Les artistes proposent souvent une histoire sensible voire immersive, proche de l'histoire sensible, immédiate et vivante que cherchent certains historiens. Le récit renonce ici à la pure description et l'illusoire prétention à la neutralité. Il ne dissimule plus l'inévitable subjectivité du narrateur et ne craint pas d'enrichir le récit de son imagination et ses expériences personnelles.

Le récit affectif aussi, pour ne pas succomber à la croyance en une une transparence du passé historique, qui serait immédiatement donné à l'historien - l'illusion connue mais souvent contournée d'une connaissance immanente du passé. Le passé est toujours médiatisé par l'expérience et les représentations des acteurs sociaux de l'époque, qui nous sont devenus lointains voire étrangers. Comment les événements, dont les structures et conditions de perception ont changé, peuvent-ils être connus, formalisés et transmis, sinon par l'imagination ?

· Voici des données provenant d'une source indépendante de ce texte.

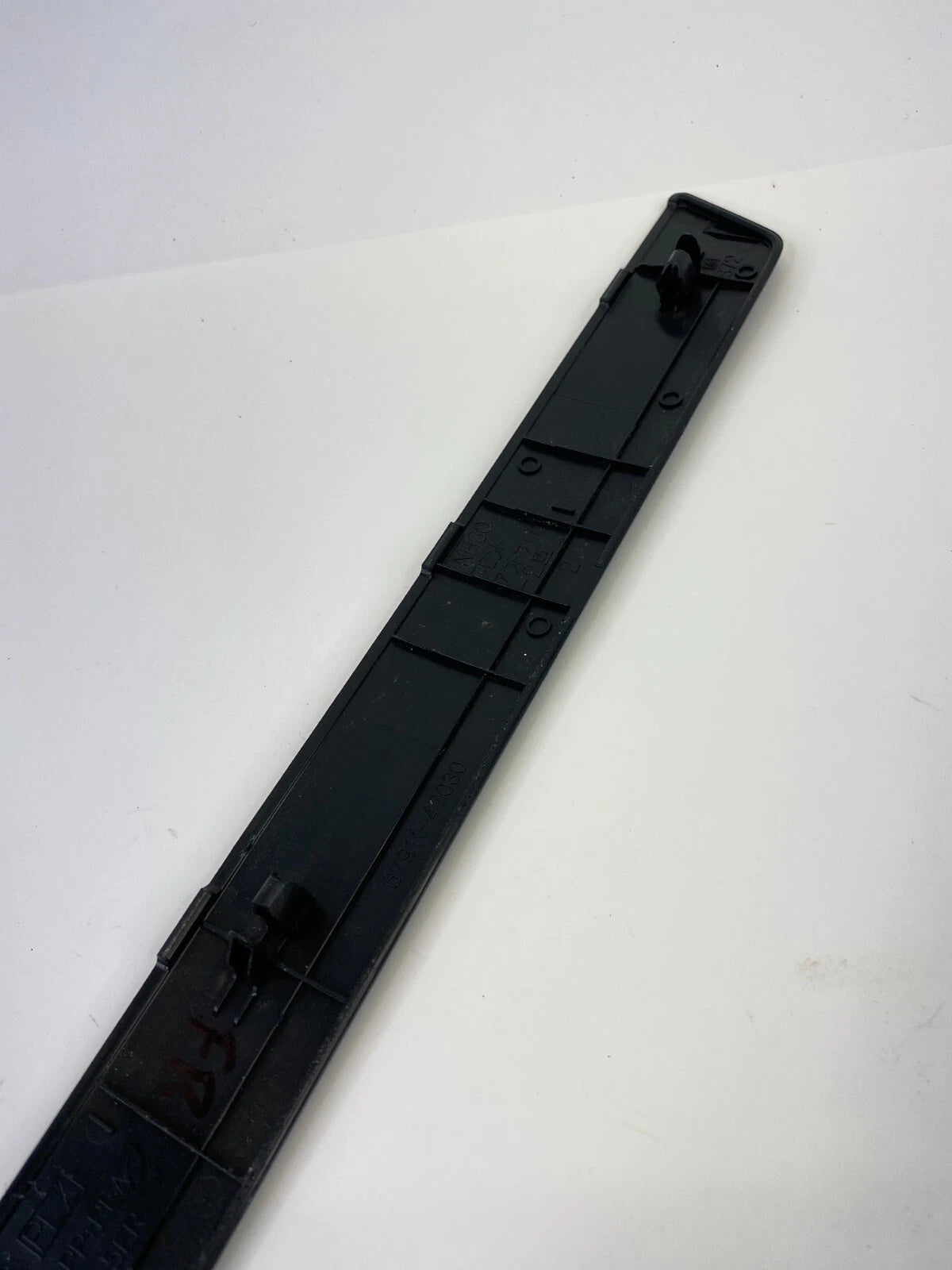 10-15 TOYOTA PRIUS FRONT RIGHT SIDE DOOR SCUFF PLATE STEP TRIM PANEL 67911-47030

L’œuvre de Cardiff, Miller, Alterbahnof Video Walf (2012) présenté à la Documenta de Cassel en 2013 tente d'apporter une réponse : elle propose d'utiliser les outils de visualisation, de réalité augmentée ou de localisation (applications sur smartphone en l'occurrence) pour construire des récits historiques, pour historiciser les lieux urbains - précisément, la gare de Cassel. La gare devient un lieu transhistorique, car elle est "affectivée" par le mouvement de (l'historien ?) promeneur. Cardiff propose un récit historique novateur qui lie affectivité et mouvement : l'historien-promeneur est (é)mu au sens fort, étymologique du mot. Ce récit d'ego-histoire en apparence, tissé d'émotions, d'expériences, de souvenirs, est aussi truffé d'indications documentaires et historiques sur lieux ou des objets, qui guident la navigation. C'est une histoire "participative", finalement : écrite ou parcourue plutôt par le spectateur, le promeneur, le visiteur, le flâneur, dont le mouvement seul trace le récit. Même si ce mouvement n'est pas entièrement libre : la visite est en partie guidée, comme par un « audio-guide » amélioré.

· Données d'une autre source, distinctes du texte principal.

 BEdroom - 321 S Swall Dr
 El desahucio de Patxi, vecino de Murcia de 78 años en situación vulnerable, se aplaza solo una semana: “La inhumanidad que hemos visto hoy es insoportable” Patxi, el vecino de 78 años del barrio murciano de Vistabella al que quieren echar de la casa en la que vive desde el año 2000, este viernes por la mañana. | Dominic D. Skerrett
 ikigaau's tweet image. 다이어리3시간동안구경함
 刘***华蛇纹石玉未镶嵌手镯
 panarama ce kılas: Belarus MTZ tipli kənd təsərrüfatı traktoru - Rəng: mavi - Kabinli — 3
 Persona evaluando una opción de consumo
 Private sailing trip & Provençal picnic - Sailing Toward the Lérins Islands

L'application mobile contient des voix, des sons des images, des vidéos pré enregistrés. L'écran fait apparaître des personnages ou objets qui n'existent plus : il juxtapose différentes couches temporelles et différents niveaux de réalité ou de présence, pour les rendre coprésents justement - démarche anachronique ou anachrotopique sur laquelle nous serons amenés à revenir. L'écran a ainsi plusieurs fonctions :
  • film amateur (impression qu'a le spectateur en mouvement de filmer la scène, comme un touriste ou un promeneur),
  • application de réalité augmentée (ajout d'informations visuelles et sonores, de documents d'archives)
  • guide d'alignement : l'application demande au spectateur de s'aligner sur le passé et sur le travail de l'artiste.

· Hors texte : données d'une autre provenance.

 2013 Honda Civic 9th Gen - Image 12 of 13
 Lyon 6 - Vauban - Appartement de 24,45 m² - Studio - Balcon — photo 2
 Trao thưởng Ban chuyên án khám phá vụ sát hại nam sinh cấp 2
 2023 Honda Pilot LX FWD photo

Le récit mobile autorise une histoire augmentée et immersive, qui entrelace les couches temporelles et les niveaux de réalité, où le promeneur peine à distinguer les souvenirs personnels de l'histoire universelle, la mémoire individuelle de l'histoire collective, le passé du présent, la fiction de la réalité - notamment par la confusion entre les sons présents perçus par le promeneur et les sons pré-enregistrés.

Cet exemple pose enfin la question de l'articulation entre image, texte et sons dans la construction du récit historique : dans le cas de la gare de Cassel le récit est surtout sonore. Mais comment réintégrer l'image pour la faire participer à l'affectivisation ? L'image compte au fond moins que l'écran, le medium, la promenade, qui permet de créer ce mouvement de va-et-vient. L'image isolée a surtout pour fonction de :
  • donner un cadre (framing), un contexte
  • conférer le sentiment d'un lieu hanté par le passé (à partir des archives notamment (comme cette réminiscence de la ballerine dansant au milieu de la gare) qui procure une impression vague, un effet de flou historique.